Monheim: So lecker kann Geschichte sein

Ob Mangold, Mais oder Liebstöckel: Das Haus Bürgel kultiviert Nutzpflanzen aus vielen Menschheitsepochen – ein Buch erklärt jetzt deren Historie und verbindet das mit Rezepten.

Monheim. Geschichte zum Anfassen - das gibt es in vielen Museen. Aber kann man Geschichte auch schmecken? Ja, und sie schmeckt sogar gut. Die "Speisenkarte" zur Verkostung der Historie bietet das neu erschienene Buch "Bunne, Stielmus, Schözeneere", das viel Wissenswertes über die Nutzpflanzen des Rheinlandes vorstellt. Dabei wird der Zeitraum von der Jungsteinzeit bis zum 20.Jahrhundert abgedeckt.
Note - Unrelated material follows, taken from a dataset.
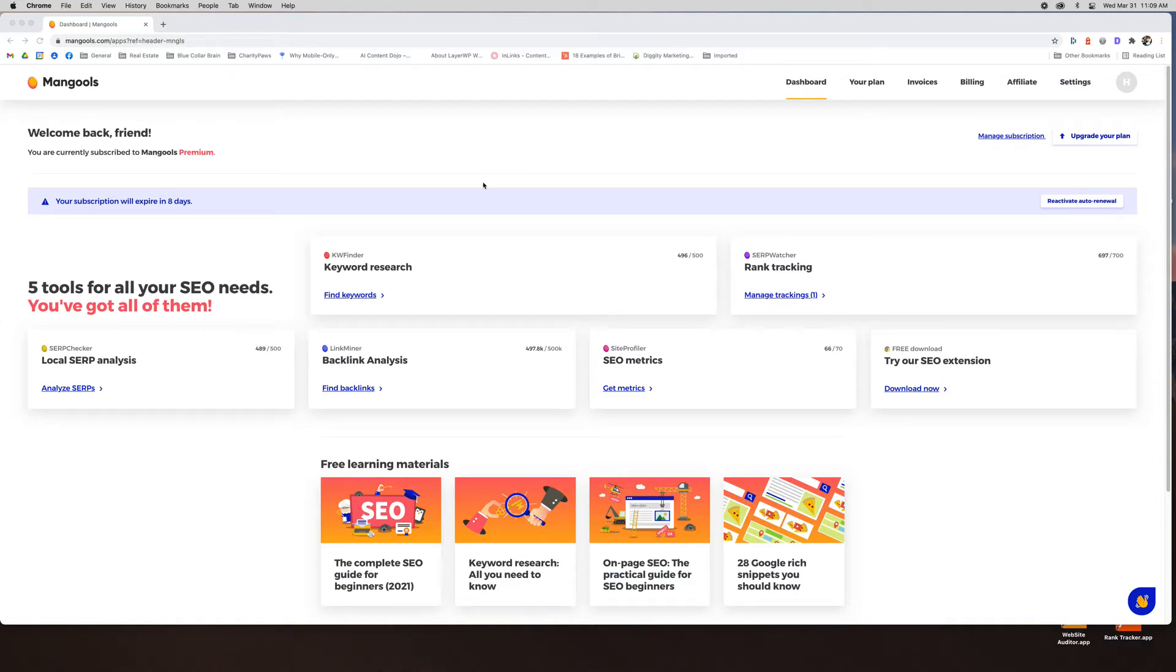Hey everybody, Jill Caron from SEO Tool View here to introduce you today to Mangools.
Und quasi als Sahnehäubchen gibt es einige Rezepte zum Nachkochen und Ausprobieren gleich mit dazu: Ob "Suurampel Zupp" (Sauerampfersuppe) aus der Eisenzeit, römisches Dinkelbrot mit Moretum (Kräuterkäse), "Stillmos ongernander" (Stielmuseintopf) aus dem Mittelalter oder "Fitschbunne-Bottermilch-Zupp" (Gartenbohnen-Buttermilchsuppe) aus der Neuzeit.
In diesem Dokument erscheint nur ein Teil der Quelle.